Text Classification is Your New Secret Weapon

Natural Language Processing is Fun! Part 2

This article is part of an on-going series on NLP. You can also check out Part 1.

In this series, we are learning how to write programs that can understand text written by humans. In Part 1, we built a Natural Language Processing pipeline where we processed English text by methodically parsing out grammar and structure.

This time, we are going to learn about text classification — the secret weapon that NLP developers use to build cutting edge systems with relatively dumb models.

The kind of results you can get with text classification compared to the development effort is off the charts. Let’s go!

Bottoms Up

The NLP pipeline that we set up in Part 1 processes text in a top down way. First we split text into sentences, then we break sentences down into nouns and verbs, then we figure out the relationships between those words, and so on. It’s a very logical approach and logic just feels right, but logic isn’t necessarily the best way to go about extracting data from text.
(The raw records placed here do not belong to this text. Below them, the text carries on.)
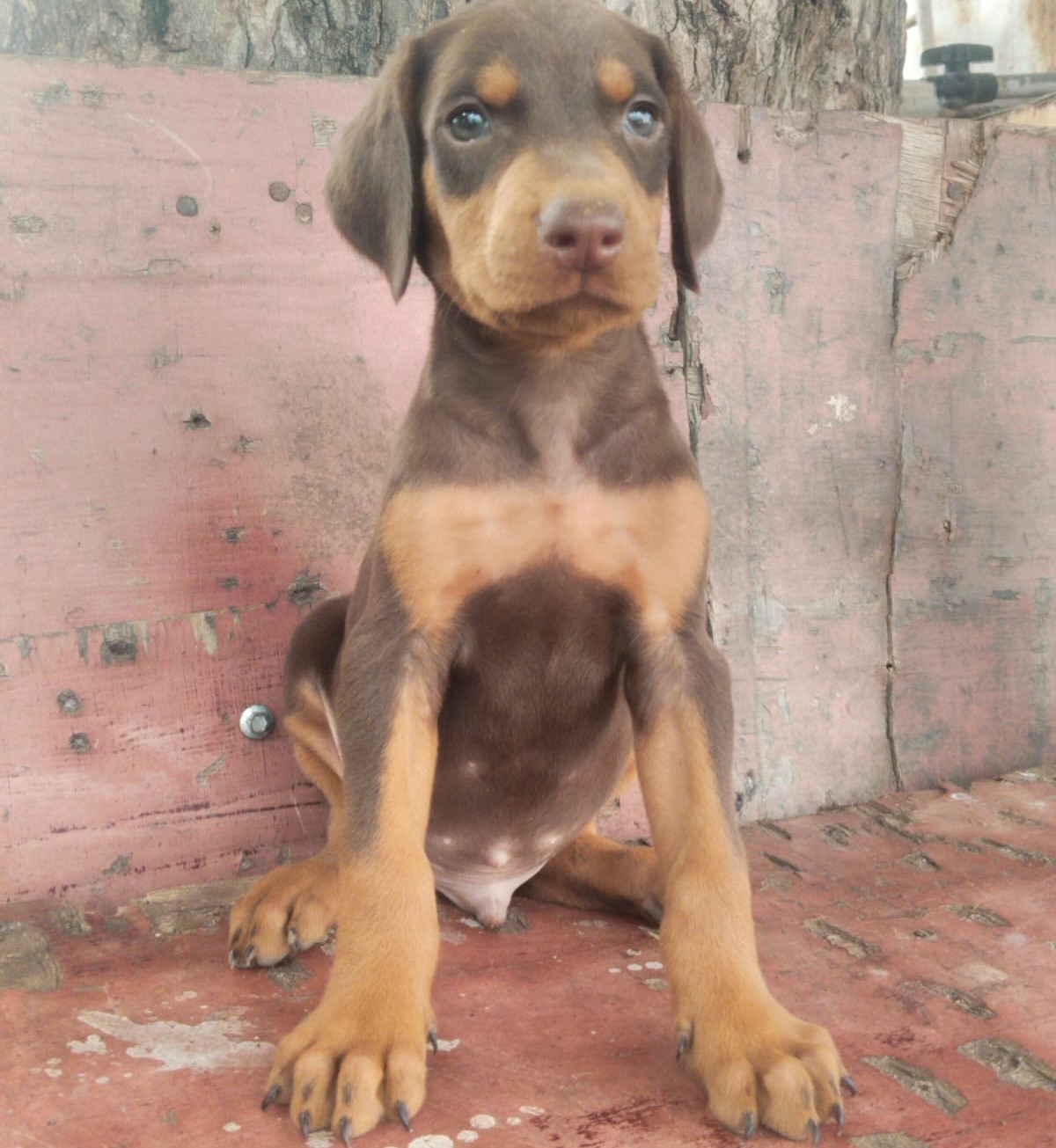 buy doberman puppy in kolkata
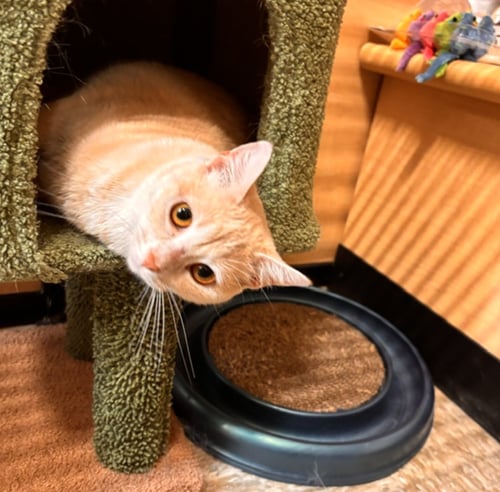 CHICK - Domestic Short Hair available for adoption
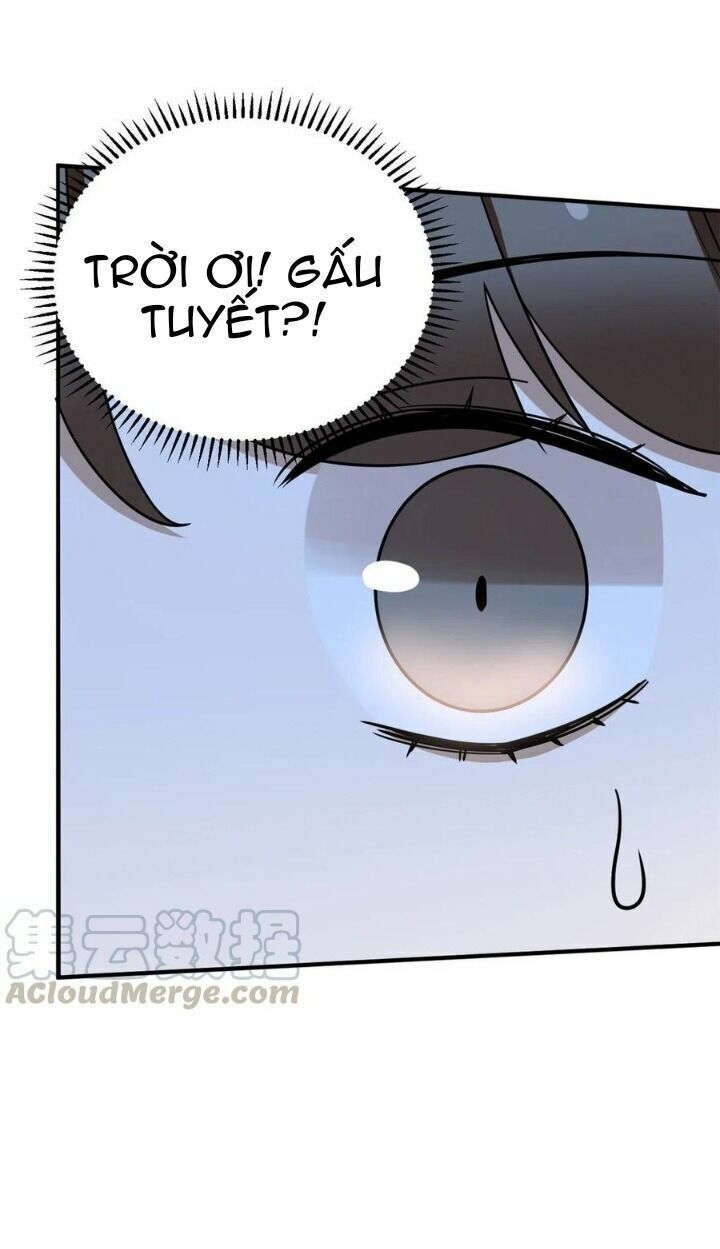 độc bộ thiên hạ: đặc công thần y chapter 252 26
A lot of user-created content is messy, unstructured and, some might even say, nonsensical:

Extracting data from messy text by analyzing it’s grammatical structure is very challenging because the text doesn’t follow normal grammatical rules. We can get often get better results using dumber models that work from the bottom up. Instead of analyzing sentence structure and grammar, we’ll just look for statistical patterns in word use.

Using Classification Models to Extract Meaning

Let’s look at user reviews, one of the most common types of online data that you might want to parse with a computer. Here is one of my real Yelp reviews for a public park:

From the screenshot, you can see that I gave the park a 5-star review. But if I had posted this review without a star rating, you would still automatically understand that I liked the park from how I described it.
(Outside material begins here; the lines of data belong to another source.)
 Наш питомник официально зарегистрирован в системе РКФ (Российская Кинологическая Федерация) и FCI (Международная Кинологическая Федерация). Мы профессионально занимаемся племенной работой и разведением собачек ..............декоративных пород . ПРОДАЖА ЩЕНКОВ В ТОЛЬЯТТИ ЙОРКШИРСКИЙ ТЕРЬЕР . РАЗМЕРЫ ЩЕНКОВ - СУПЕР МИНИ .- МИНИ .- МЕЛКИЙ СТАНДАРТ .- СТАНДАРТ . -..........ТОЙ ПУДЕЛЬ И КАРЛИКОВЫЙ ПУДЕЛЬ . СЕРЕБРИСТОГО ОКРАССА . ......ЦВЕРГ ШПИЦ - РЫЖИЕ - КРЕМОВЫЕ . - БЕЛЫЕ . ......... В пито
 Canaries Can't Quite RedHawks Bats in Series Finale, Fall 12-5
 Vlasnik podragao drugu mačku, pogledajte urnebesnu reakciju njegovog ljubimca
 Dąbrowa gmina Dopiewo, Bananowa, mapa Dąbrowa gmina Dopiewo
How can we write a program that can read this text and understand that I liked the park even though I never directly said “I like this park” in the text? The trick is to reframe this complex language understanding task as a simple classification problem.

Let’s set up a simple linear classifier that takes in words. The input to the classifier is the text of the review. The output is one of 5 fixed labels — “1 star”, “2 stars”, “3 stars”, “4 stars”, or “5 stars”.

If the classifier was able to take in the text and reliably predict the correct label, that means it must somehow understand the text enough to extract the overall meaning of whether or not I liked the the park.

To train our text classification model, we’ll collect a lot of user reviews of similar places (parks, businesses, landmarks, hotels, whatever we can find…) where the user wrote a text review and assigned a similar star rating. And by lots, I mean millions of reviews! Then we’ll train the model to predict a star rating based on the corresponding text.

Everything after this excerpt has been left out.